The HECTD2 family is an Opisthokonta-specific family that includes sequences from animals and Fungi, but not from unicellular Holozoa. HECTD2 proteins have a single HECT domain. Murine and human HECTD2 are known to intervene in protein degradation in neurodegeneration processes (Lloyd et al. 2009).

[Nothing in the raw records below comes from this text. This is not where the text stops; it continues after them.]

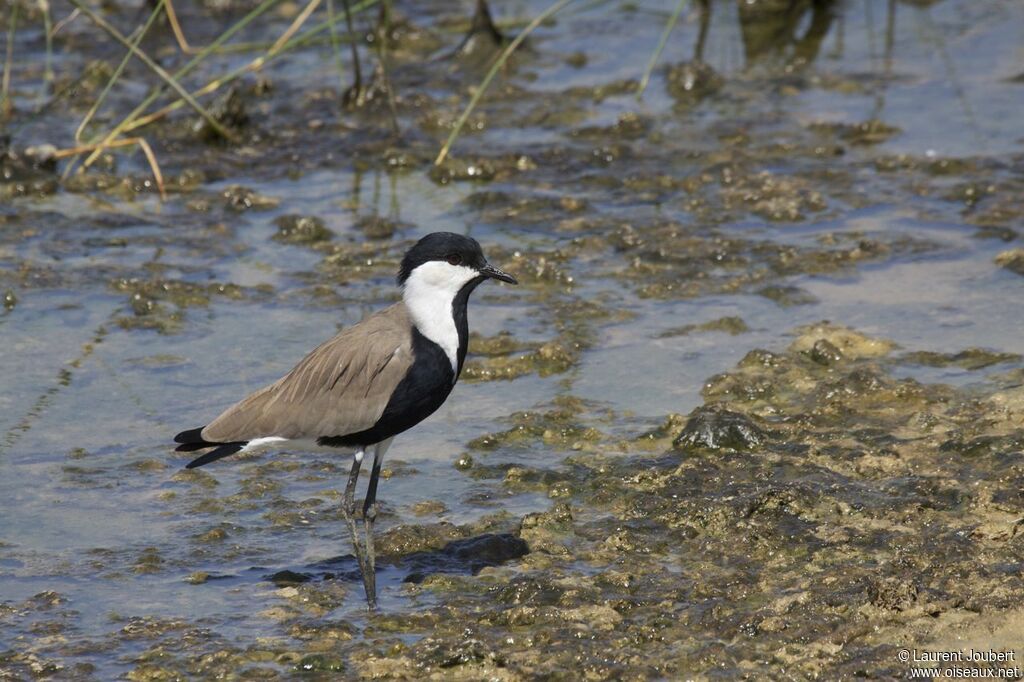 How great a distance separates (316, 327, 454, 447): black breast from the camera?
616 centimetres

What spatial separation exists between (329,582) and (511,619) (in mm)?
830

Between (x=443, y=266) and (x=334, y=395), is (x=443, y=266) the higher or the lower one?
the higher one

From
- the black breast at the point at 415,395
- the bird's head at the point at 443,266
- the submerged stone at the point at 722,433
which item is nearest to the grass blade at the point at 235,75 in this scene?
the bird's head at the point at 443,266

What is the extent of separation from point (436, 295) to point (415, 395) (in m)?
0.45

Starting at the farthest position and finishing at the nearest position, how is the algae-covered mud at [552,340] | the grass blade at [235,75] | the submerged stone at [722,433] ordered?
the grass blade at [235,75] → the submerged stone at [722,433] → the algae-covered mud at [552,340]

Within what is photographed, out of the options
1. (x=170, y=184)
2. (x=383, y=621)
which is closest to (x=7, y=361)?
(x=170, y=184)

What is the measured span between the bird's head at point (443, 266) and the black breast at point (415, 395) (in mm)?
250

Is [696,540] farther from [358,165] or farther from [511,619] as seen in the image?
[358,165]

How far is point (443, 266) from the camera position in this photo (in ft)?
21.0

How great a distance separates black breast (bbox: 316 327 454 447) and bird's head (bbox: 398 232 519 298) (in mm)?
250

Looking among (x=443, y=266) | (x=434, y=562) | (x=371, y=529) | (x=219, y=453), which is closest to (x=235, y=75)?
(x=443, y=266)

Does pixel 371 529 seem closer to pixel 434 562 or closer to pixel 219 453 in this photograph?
pixel 434 562

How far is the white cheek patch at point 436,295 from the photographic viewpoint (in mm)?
6320

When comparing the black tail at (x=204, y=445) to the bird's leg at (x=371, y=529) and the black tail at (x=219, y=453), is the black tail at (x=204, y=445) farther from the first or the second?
the bird's leg at (x=371, y=529) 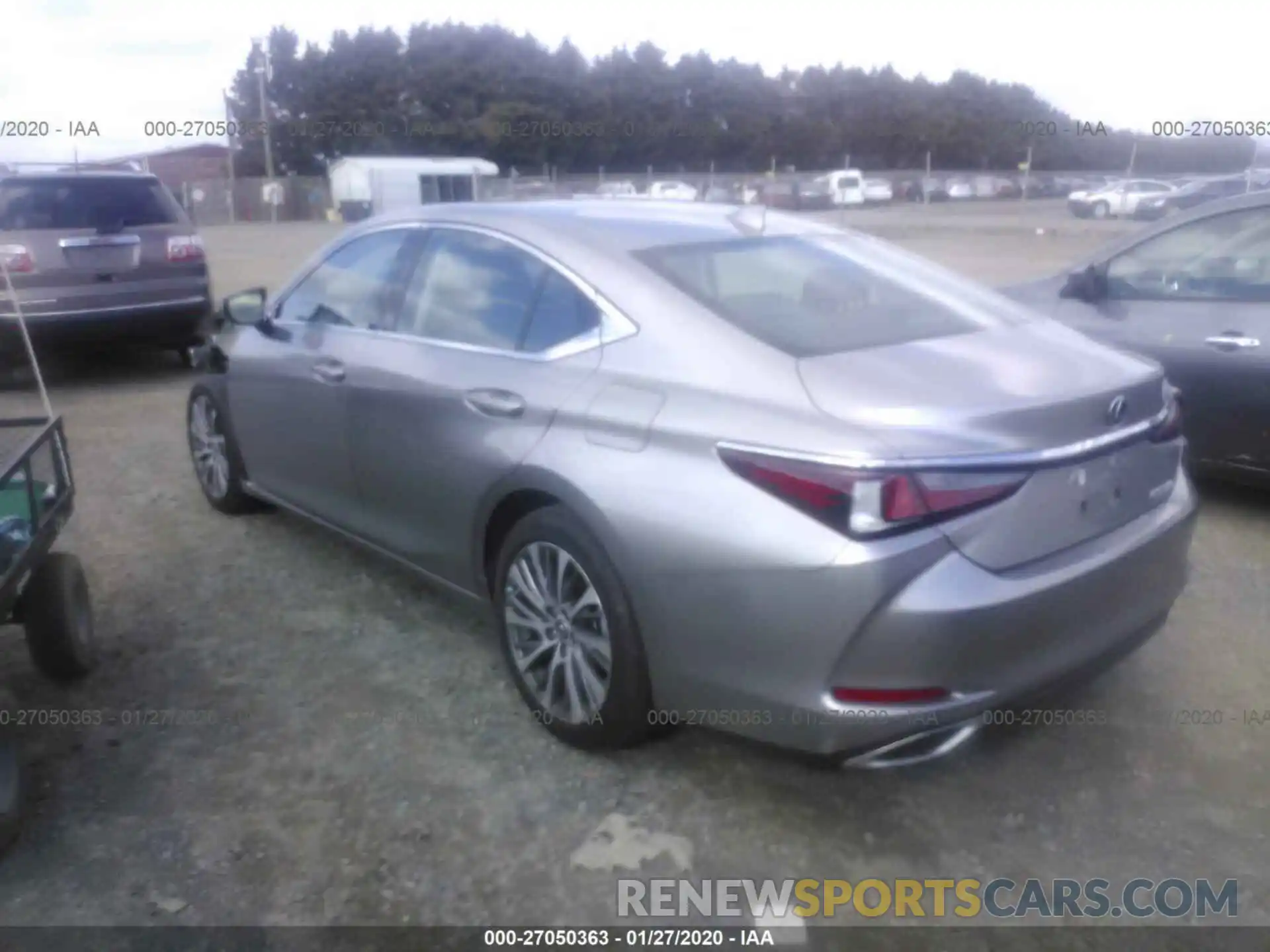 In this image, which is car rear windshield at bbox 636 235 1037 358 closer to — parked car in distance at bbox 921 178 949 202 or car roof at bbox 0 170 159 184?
car roof at bbox 0 170 159 184

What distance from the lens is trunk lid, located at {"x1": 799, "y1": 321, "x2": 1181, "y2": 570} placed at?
2525mm

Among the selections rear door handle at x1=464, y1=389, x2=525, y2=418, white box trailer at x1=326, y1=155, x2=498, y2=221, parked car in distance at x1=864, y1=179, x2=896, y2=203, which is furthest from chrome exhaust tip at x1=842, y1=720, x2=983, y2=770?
parked car in distance at x1=864, y1=179, x2=896, y2=203

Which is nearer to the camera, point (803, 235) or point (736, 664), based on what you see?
point (736, 664)

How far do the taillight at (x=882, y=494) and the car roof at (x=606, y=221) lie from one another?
1077 mm


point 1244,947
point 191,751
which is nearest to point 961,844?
point 1244,947

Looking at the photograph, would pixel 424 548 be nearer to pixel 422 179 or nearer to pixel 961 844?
pixel 961 844

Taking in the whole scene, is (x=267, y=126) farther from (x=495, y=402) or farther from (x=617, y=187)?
(x=495, y=402)

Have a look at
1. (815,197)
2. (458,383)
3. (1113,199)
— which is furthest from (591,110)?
(458,383)

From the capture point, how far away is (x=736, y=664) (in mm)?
2707

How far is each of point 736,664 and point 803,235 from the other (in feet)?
5.32

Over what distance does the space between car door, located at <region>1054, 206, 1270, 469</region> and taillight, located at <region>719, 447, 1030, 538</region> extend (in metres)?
2.88

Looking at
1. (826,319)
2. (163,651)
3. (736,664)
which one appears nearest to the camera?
(736,664)

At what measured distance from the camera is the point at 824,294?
10.8ft

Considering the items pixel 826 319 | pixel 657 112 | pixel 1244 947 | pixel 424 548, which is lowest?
pixel 1244 947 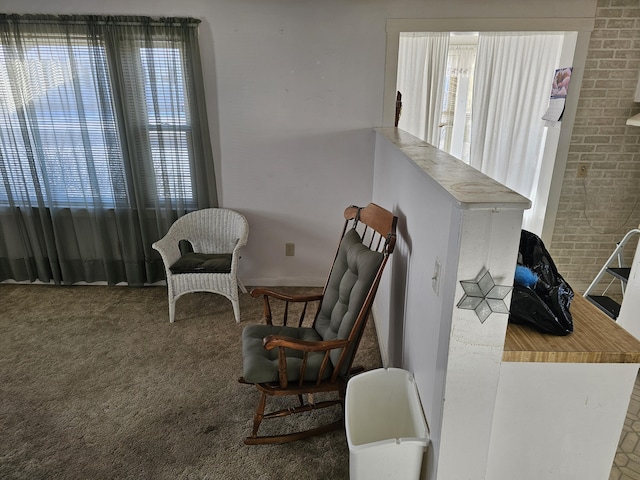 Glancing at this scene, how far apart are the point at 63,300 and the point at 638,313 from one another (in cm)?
387

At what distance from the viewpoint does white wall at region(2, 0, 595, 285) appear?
2.98 m

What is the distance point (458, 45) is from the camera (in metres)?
4.11

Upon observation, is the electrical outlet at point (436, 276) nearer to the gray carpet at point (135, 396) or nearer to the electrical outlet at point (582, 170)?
the gray carpet at point (135, 396)

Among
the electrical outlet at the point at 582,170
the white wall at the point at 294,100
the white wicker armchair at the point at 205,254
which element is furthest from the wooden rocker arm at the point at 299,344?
the electrical outlet at the point at 582,170

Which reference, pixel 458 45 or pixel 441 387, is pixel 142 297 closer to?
pixel 441 387

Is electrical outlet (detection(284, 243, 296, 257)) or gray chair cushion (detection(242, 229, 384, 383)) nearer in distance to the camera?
gray chair cushion (detection(242, 229, 384, 383))

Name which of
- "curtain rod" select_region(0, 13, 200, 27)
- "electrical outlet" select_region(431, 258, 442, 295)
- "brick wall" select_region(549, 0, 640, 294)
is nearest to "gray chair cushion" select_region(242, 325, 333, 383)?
"electrical outlet" select_region(431, 258, 442, 295)

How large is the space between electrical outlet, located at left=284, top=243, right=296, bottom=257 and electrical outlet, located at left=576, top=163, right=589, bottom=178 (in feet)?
7.48

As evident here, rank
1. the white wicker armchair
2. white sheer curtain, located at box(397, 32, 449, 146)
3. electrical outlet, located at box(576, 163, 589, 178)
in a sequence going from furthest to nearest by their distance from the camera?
white sheer curtain, located at box(397, 32, 449, 146) < electrical outlet, located at box(576, 163, 589, 178) < the white wicker armchair

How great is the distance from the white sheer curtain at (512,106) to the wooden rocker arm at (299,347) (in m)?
2.50

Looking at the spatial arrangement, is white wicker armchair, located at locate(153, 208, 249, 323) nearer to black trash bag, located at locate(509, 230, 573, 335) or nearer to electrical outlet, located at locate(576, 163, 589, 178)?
black trash bag, located at locate(509, 230, 573, 335)

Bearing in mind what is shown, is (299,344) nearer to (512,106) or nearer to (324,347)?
(324,347)

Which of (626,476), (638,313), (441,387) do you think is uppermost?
(441,387)

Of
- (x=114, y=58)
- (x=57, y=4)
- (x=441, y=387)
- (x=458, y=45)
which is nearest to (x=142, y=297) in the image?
(x=114, y=58) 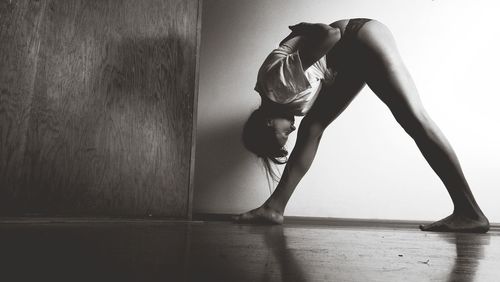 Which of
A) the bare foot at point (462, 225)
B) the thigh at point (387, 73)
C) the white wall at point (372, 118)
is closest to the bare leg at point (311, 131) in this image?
the thigh at point (387, 73)

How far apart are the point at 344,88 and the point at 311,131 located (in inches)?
9.6

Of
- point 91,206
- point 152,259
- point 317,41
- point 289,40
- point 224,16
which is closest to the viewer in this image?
point 152,259

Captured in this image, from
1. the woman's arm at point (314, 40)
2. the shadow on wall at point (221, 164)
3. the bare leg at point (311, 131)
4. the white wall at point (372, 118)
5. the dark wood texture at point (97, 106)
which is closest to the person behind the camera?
the dark wood texture at point (97, 106)

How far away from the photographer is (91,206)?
3.97 ft

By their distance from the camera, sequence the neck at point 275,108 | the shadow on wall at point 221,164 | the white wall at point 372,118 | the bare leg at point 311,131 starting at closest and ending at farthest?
the bare leg at point 311,131 < the neck at point 275,108 < the white wall at point 372,118 < the shadow on wall at point 221,164

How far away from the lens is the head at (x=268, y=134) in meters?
2.14

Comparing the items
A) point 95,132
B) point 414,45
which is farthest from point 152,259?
point 414,45

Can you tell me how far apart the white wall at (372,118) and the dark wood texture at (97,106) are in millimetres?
1161

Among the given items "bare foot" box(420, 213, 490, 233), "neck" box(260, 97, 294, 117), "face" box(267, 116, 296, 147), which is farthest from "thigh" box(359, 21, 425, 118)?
"face" box(267, 116, 296, 147)

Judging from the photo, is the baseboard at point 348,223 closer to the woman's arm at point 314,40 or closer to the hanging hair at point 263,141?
the hanging hair at point 263,141

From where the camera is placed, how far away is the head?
84.4 inches

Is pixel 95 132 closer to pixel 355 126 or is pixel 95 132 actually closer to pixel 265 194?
pixel 265 194

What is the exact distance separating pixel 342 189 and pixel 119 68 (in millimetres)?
1714

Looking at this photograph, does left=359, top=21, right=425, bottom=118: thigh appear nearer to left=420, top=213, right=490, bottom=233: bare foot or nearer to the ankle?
left=420, top=213, right=490, bottom=233: bare foot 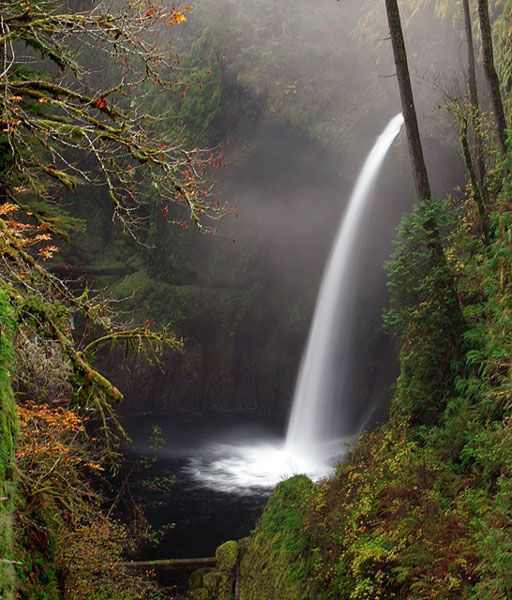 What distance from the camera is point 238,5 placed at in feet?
76.7

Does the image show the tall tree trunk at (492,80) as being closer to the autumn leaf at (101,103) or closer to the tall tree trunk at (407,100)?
the tall tree trunk at (407,100)

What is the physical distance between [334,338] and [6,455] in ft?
54.6

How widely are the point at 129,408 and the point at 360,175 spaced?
503 inches

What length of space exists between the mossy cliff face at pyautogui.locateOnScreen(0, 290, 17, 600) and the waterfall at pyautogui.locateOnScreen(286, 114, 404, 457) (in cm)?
1594

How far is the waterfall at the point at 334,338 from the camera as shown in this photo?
19.0 meters

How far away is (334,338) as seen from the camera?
1936 cm

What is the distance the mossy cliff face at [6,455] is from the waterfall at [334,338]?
Result: 52.3 feet

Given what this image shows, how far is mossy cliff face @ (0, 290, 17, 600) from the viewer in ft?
9.07

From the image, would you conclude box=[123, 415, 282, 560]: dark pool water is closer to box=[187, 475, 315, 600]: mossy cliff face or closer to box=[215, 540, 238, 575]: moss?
box=[215, 540, 238, 575]: moss

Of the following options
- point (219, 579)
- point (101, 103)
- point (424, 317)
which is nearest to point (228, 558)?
point (219, 579)

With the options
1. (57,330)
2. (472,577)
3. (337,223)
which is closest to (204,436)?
(337,223)

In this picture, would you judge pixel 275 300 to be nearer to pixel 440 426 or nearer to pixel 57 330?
pixel 440 426

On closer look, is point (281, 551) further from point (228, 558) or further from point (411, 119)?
point (411, 119)

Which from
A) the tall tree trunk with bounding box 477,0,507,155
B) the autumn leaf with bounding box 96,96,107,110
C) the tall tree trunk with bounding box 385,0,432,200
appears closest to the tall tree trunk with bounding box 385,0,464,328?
the tall tree trunk with bounding box 385,0,432,200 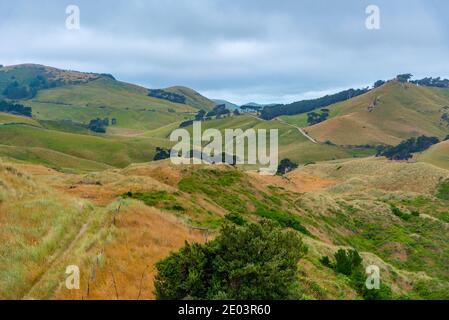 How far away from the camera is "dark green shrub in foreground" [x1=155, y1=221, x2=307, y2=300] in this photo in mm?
11469

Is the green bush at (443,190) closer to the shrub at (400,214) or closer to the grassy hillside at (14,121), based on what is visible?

HECTX contains proteins from Cnidaria and Placozoa proteins, as well as from Filasterea, Fungi, and Amoebozoa. Thus, the lack of HECTX in bilaterians genomes is probably due to a secondary loss.

Class IV

Class IV includes four families: UBR5/EDD, G2E3, GL-Metazoa, and GL-Bikonta. The latter three are extremely divergent at the sequence level (figs. 2 and 3). The nodal support for this class is weak (fig. 2), but both Bayesian and ML analyses recovered the clade. In contrast, the nodal support for all of the families, except GL-Bikonta, is very good (BPP = 1.0 and BS = 99–100%).

The UBR5/EDD family includes proteins from animals (which have an EDD domain for binding ubiquitn, a zf-UBR protein recognition motif and a PABP domain) and architecturally simpler homologs from the choanoflagellate Sal. rosetta and the filasterean Cap. owczarzaki. Human EDD and Dro. melanogaster HYD act as general tumor suppressors by ubiquitinating E6AP (Tomaic et al. 2011), which increases p53 levels and induces cell senescence (Smits 2012). EDD and HYD also ubiquitinate TopBP1 (a topo-isomerase that intervenes in DNA damage response [Honda et al. 2002]) and negatively regulate Hh (hedgehog pathway) and Dpp (decapentaplegic pathway) expression, two crucial elements in the Drosophila eye disc development process (Lee 2002).

The G2E3, GL-Metazoa, and GL-Bikonta families are composed of proteins with a highly divergent HECT domain, with different domain arrangements that could confer them their own functional specificities. For instance, some proteins from Naegleria gruberi and E. siliculosus (GL-Bikonta) have unusual protein kinase domains of unknown function; and human and murine G2E3s have a non-functional HECT domain and three unconventional RING/PHD-like zinc fingers, two of which have been proved to have ubiquitin ligase activity (Brooks et al. 2008). None of these zinc fingers has been clearly classified as either PHD or RING motifs, although Pfam identifies the noncatalytically active one as a PHD-like zf-HC5HC2H domain (which is consistent with the fact that PHD domains are unable to act as ubiquitin ligases [Scheel and Hofmann 2003]). The lack of functional constraints on the HECT sequence would explain its divergence from other HECT proteins.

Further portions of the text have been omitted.